第3-4話 土人形《ゴーレム》の旅立

 レベル上げのために、地下牢から旅立つことを決意した私は、親指ほどの小さな土人形ゴーレムの状態で、外界の調査に出かけた。


 廊下は光が入らず、真っ暗で、そのままでは、進み辛いので、光球ライト・ボールを作り、あたりを照らしてみた。すると、廊下は草木で覆われ、容易には進めないようだ。


 しかも、あちらこちらにスライムが蠢いていた。まずは、進みやすいようにするために、ウィンドカッターで草木を刈ることにした。


 廊下の突き当りの壁が見えるまで、繰り返しウィンドカッターを草木にぶつけた。ある程度、草木をなぎ倒すことができたので、廊下の床が見える様になった。


 床に積み上げられた草木の合間から、スライムが覗いていた。それも、1匹や2匹ではなかった。そこで、積み上がった草木の処理と合わせて、スライムを一掃するために、何度も火球ファイア・ボールを放った。


 火球ファイア・ボールに費やされるマナの量は多く、気が付くとMPが半分ほどになってしまった。少し休むことにした。他の魔物に遭遇すると困るので、用心のため、MPが満タンになるまで、待ち続けた。

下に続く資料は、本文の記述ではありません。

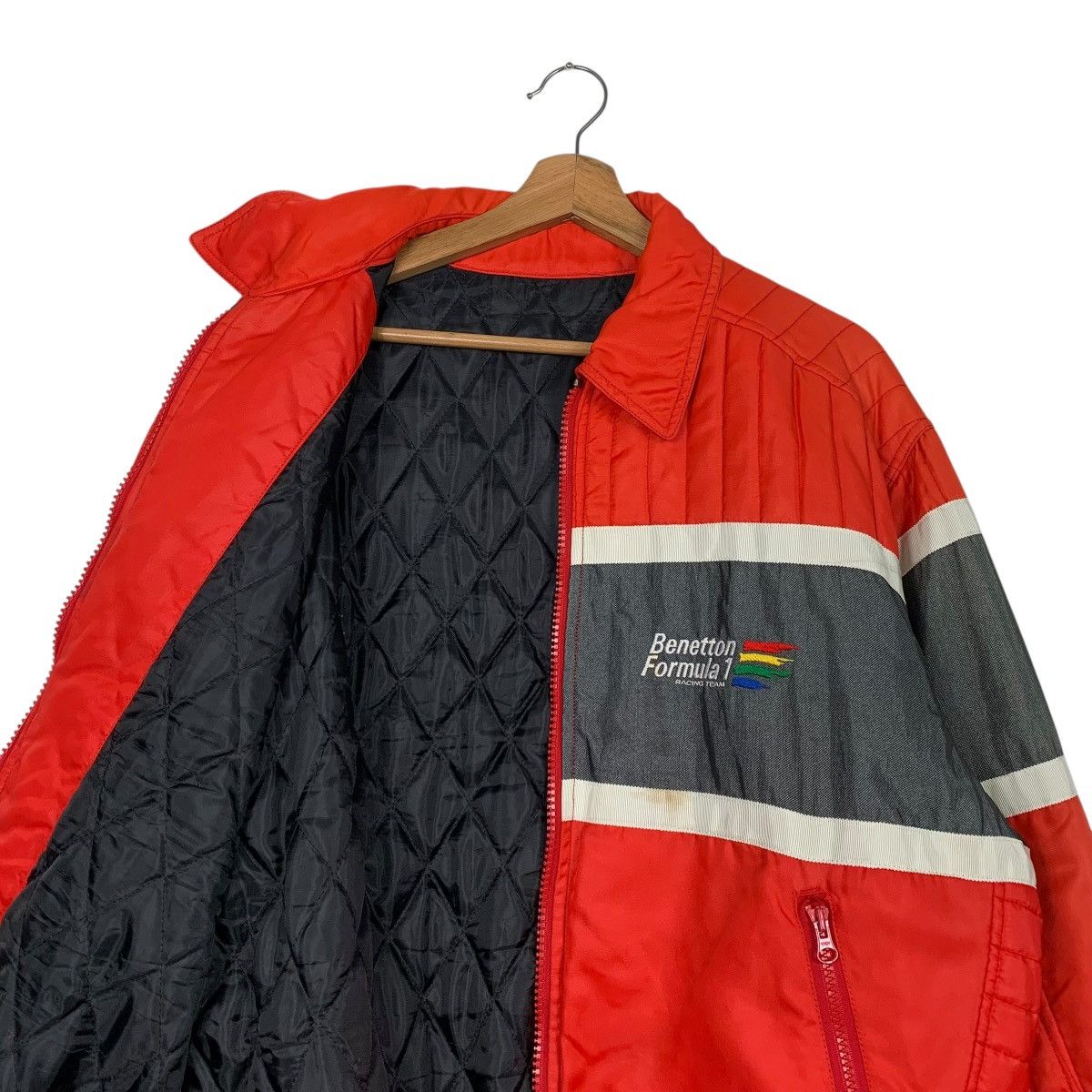 Benetton Benetton Formula 1 Racing Team Bomber Jacket Size US L / EU 52-54 / 3 - 10 Thumbnail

 弱小のスライムでもかなりの数を倒したので、LV5になった。また、MPの総量も200まで、上がった。更に、火魔法(LV5)、風魔法(LV4)となった。


 魔法を使うたびにMPは増加していった。そして、魔物を倒すたびにLVは上昇するようだ。

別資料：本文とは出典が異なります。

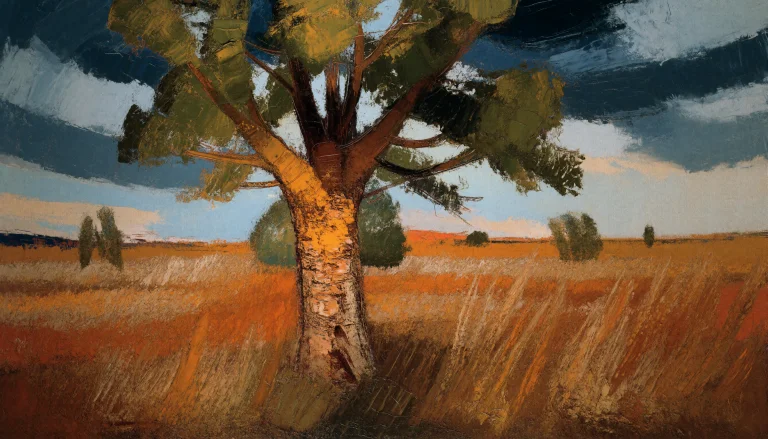 Bcathelin, Oil On Canvas, Scraped Layers, Thick Palette Knif...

 MPが元に戻ったので、ダンジョンの中を先に進むことにした。


 通路の突き当りまで来ると階段があった。そこを上がると、広々とした草原が現れた。


 色々な草が生えているようだ。何の草かわからないけれども、少し引き抜いてすり潰してみた。汁が手のひらに染み込んでくる。


 突然、頭の中で、


「スキル 採取LV1を習得しました」


「スキル 鑑定LV1を習得しました」『この草は………です。』


 と誰かの声が聞こえた。


 何か作業をする度にスキルを身に着けることが出来るようだ。


 そこで、身の周りの草を引き抜いてはすり潰していった。


「スキル 採取LV2を習得しました」


「スキル 鑑定LV2を習得しました」『この草は………です。』


 ・・・


「スキル 採取LV5を習得しました」


「スキル 鑑定LV5を習得しました」『この草は………です。』


 意外と簡単にレベルアップすることが出来た。しかし、全体のLVやHP・MPは変化しないようだ。

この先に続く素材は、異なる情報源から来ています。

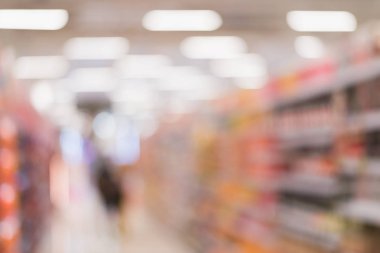 Alışveriş merkezinin soyut arkaplanı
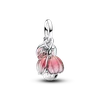 Pandora ékszer Kéttónusú nyíló virág függő charm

 この草原には角ウサギがいた。スライムと違って攻撃してくる。ウィンドカッターで、近くの角ウサギを倒した。


 すると、倒した角ウサギから輝く小さな石が飛び出してきた。どうも、魔石のようだ。


 拾い集めた魔石を体にくっつけてみた。すると、魔石は吸収することが出来て、MPが一気に増えた。


【ステータス】

 種族:土人形ゴーレム

 職業:無職

 LV(レベル):7

 HP(最大体力量):200

 MP(最大魔力量):500

 魔法:土魔法(LV3)、火魔法(LV3)、水魔法(LV3)、風魔法(LV5)、

    光魔法(LV3)、陰魔法(LV3)

 スキル:採取(LV5)、鑑定(LV5)、思念伝達(LV1)


 角ウサギを倒しながら、草原の端を目指して進んで行った。漸く壁まで到達したが、草に邪魔されて周りがよく分からない。身体が小さすぎるようだ。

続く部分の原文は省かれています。